Змеиное варенье
Шрифт:
— Ты правда думаешь, что Серому Ангелу было бы это под силу? — устало и горько усмехнулся кардинал.
Он сгорбился и вернулся за стол, переплетя узловатые пальцы в замок и крепко их сжав. — Ты мало знаешь, поэтому…
Я не выдержал и взорвался.
— Я постоянно мало знаю. Я, как слепой щенок, барахтаюсь в этой трясине лжи, недомолвок, политических интриг и уловок, секретов и страшно важных государственных тайн. А потом вы удивляетесь, как Серому Ангелу удалось уничтожить одну святыню и сделать бесполезной вторую! Да, наверное, он и то знает больше меня!
— Сядь и не шуми, Кысей. Про Ясную купель я тебе расскажу. В том нет большого секрета, просто давно
— Каким? — я решил дать отдых усталым ногам и сел в неудобное кресло.
— Воды Ясной купели могли не только отразить внутреннюю суть человеческой души, но и прозревать будущее… или прошлое… Все зависело от вопрошающего. Он распахивал свою душу ее водам, отдавая часть себя, а взамен получая ответ: цвет, образ, звук или даже вкус… В зависимости от сложности вопроса, воды Ясной купели могли обмельчать или даже уйти, но они всегда возвращались, неизменные в своем вечном движении. А потом…
Я затаил дыхание, боясь спугнуть редкую минуту откровенности церковника.
— А потом в воды купели вошел один из рода проклятых… Шестой, вернее шестая… Хризолит Проклятая…
Бешеная воягиня северных земель, которая развязала Синюю войну. Что она спрашивала и что увидела в водах Ясной купели, неизвестно, поскольку подкупленные ею глупцы из ордена, сопровождавшие ее в том посещении, были убиты. Известно только, что увиденного ей хватило, чтобы обрушить во тьму безумия и войны всю северо-восточную часть материка. Она была непобедима, как будто заранее знала обо всех ухищрениях противников… Да что я тебе рассказываю, эти подробности из истории ты и так должен знать.
— А что случилось с водами Ясной купели? — спросил я, холодея от ужасных подозрений.
— Она их отравила, они сделались смрадными, словно гнилая трясина. Любой, кто в них вступал, умирал в страшных мучениях. Знаешь, когда воды вновь стали ясными?
— Когда?
— Когда эта бешеная сука сдохла. Да… не досмотрели мы, не досмотрели…
— Подождите, но… Если так, как вы сказали, то воды купели еще могут вернуться, верно? Возможно, Серый Ангел, да, именно он, вошел в эти воды, чтобы задать вопрос, чтобы обрести прозрение о будущем из своих корыстных побуждений, и поэтому воды ушли…
Церковник отрицательно покачал головой, и у меня упало сердце.
— Невозможно, Кысей. После Синей войны воды купели стали отражать только настоящее. Святой Престол ослеп и оглох…

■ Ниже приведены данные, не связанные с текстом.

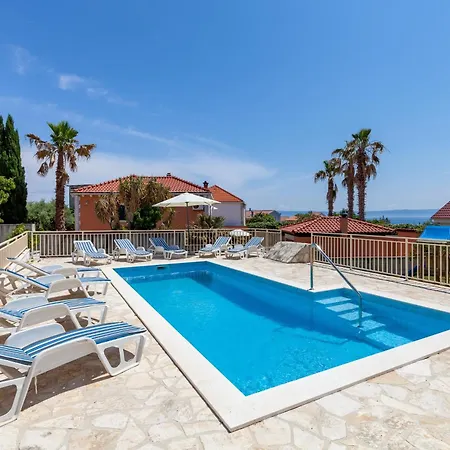 Vjeka Cozy Family Retreat With Heated Pool, Brac Island 수마르틴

— Монсеньор, вы намекаете, что сейчас пересыхание вод Ясной купели мог вызвать потомок проклятого рода?
— Увы… — опять покачал головой церковник. — И это тоже невозможно, хотя отец Павел склонен надеяться.
— Надеяться? Не понимаю.
— Кысей, больше я тебе ничего не могу сказать, не имею права. По нашим сведениям, живых потомков проклятого рода не осталось. Безумная воягиня позаботилась об этом, уничтожив всех своих детей и внуков. Собственноручно. Были подозрения, что у нее остался внук, до которого она не успела добраться, но увы… Родство не подтвердилось.

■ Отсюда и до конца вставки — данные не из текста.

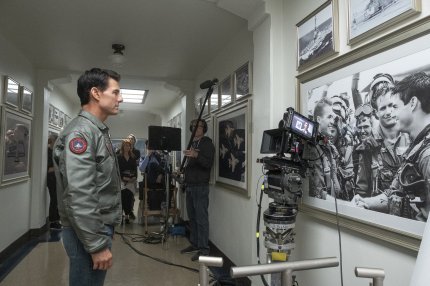<strong>Schöne Erinnerungen: </strong>Natürlich setzt Top Gun 2 auf Nostalgie, es ist schließlich die Fortsetzung eines 36 Jahre alten Films. Dabei hat man aber nie das Gefühl, es wird als Werkzeug verwendet wie bei Jurassic World, Marvel, Ghostbusters &amp; Co. - das fanden wir echt schön.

— Ваше святейшество, я настаиваю на том, чтобы задействовать Нишку. Прошу вас, ведь купель никуда от нас не денется. Если по горячим следам не удалось обнаружить, кто в нее входил, то сейчас уже не имеет смысла пороть горячку. А вопрос с послом и текущим дознанием необходимо решать незамедлительно.
Кардинал колебался, и я добавил:
— Необходимо обеспечить безопасность невольника, как нашего основного козыря против посла, поэтому никто не должен знать, где его спрячет Нишка.
Еще с полчаса я потратил на убеждение кардинала, успев вспотеть, несмотря на открытое окно и зверский холод в кабинете. Однако вознаграждением мне стало долгожданное разрешение и подписанный монсеньором документ. Теперь я мог отправить Нишку подальше, с глаз долой и кардинала, и маш-уна, если тому придет в голову встретиться с ней.
К полудню я успел повидаться с родственниками Йорана со стороны отца, составить запрос на получение доступа в архивы Инквизиции, опросить прислугу из посольства, просмотреть списки, любезно предоставленные послом, а самое главное, ловко избавиться от Нишки, которая еще и осталась мне благодарна, правда, в своей обычной хмурой манере. Тем не менее, я собой гордился. А потом принесли почту.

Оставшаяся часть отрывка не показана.